*Problem statement:*
Transcribe only what runs from the line containing "Krah monitori Neomounts" through the end of the listing, line for line and exactly, and omit the pictures.

*Recorded data:*
____________________

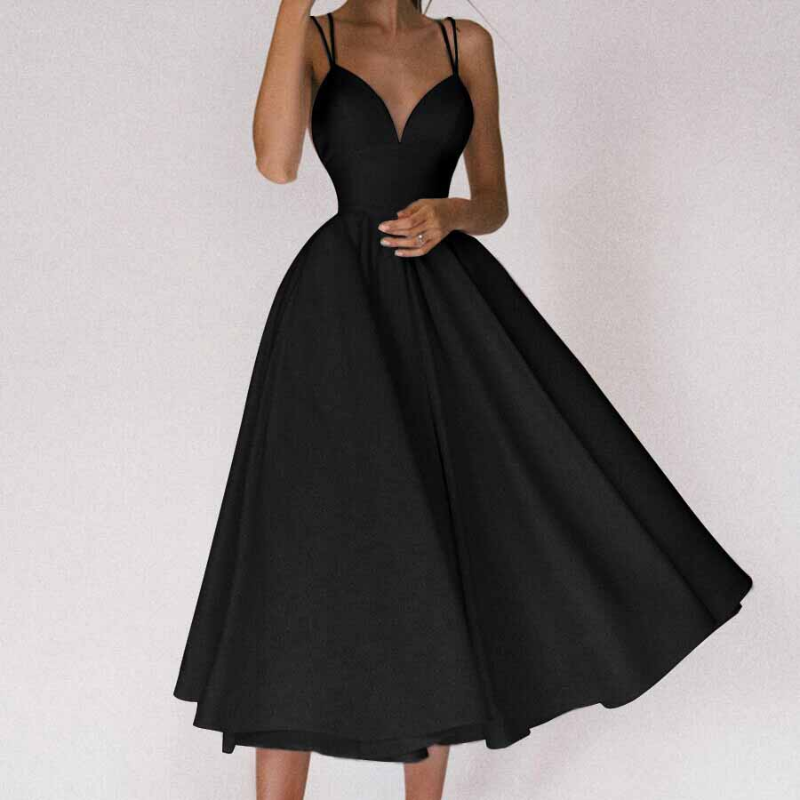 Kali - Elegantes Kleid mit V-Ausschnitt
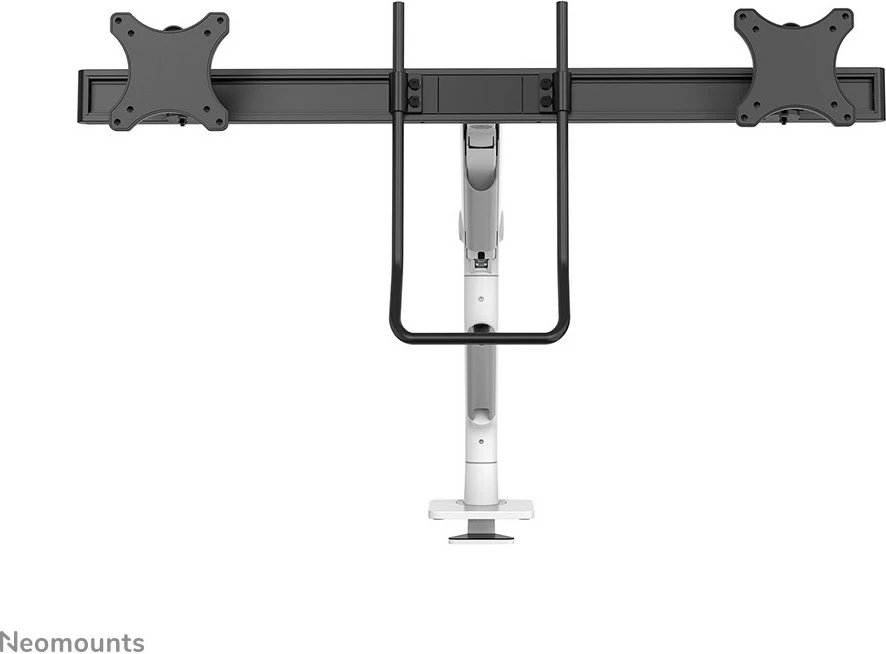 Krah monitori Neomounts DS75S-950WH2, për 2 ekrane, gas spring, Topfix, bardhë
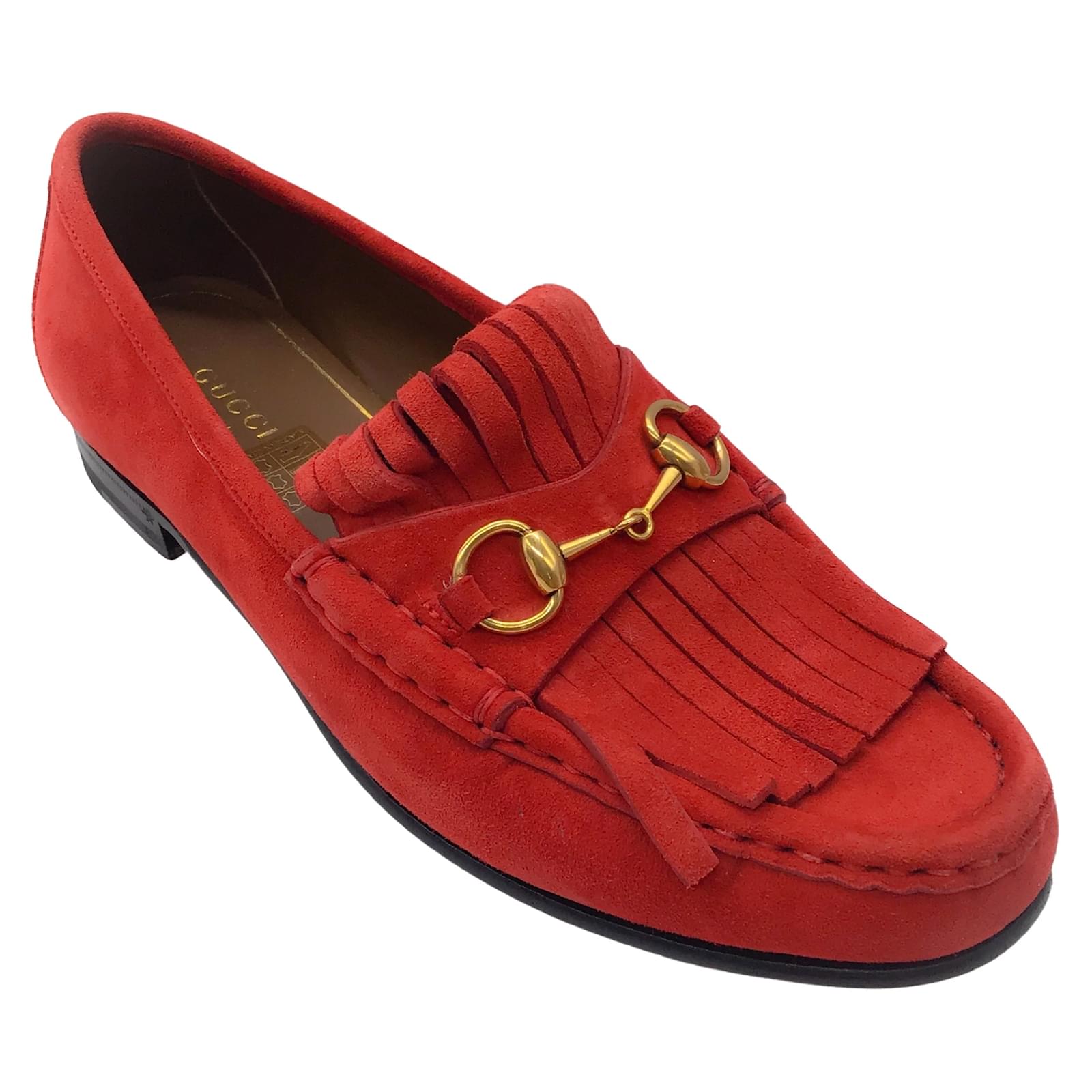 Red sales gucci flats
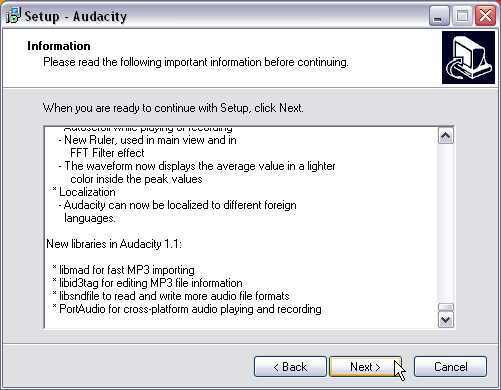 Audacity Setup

____________________

*Written reply:*
 Krah monitori Neomounts DS75S-950WH2, për 2 ekrane, gas spring, Topfix, bardhë
 Red sales gucci flats
 Audacity Setup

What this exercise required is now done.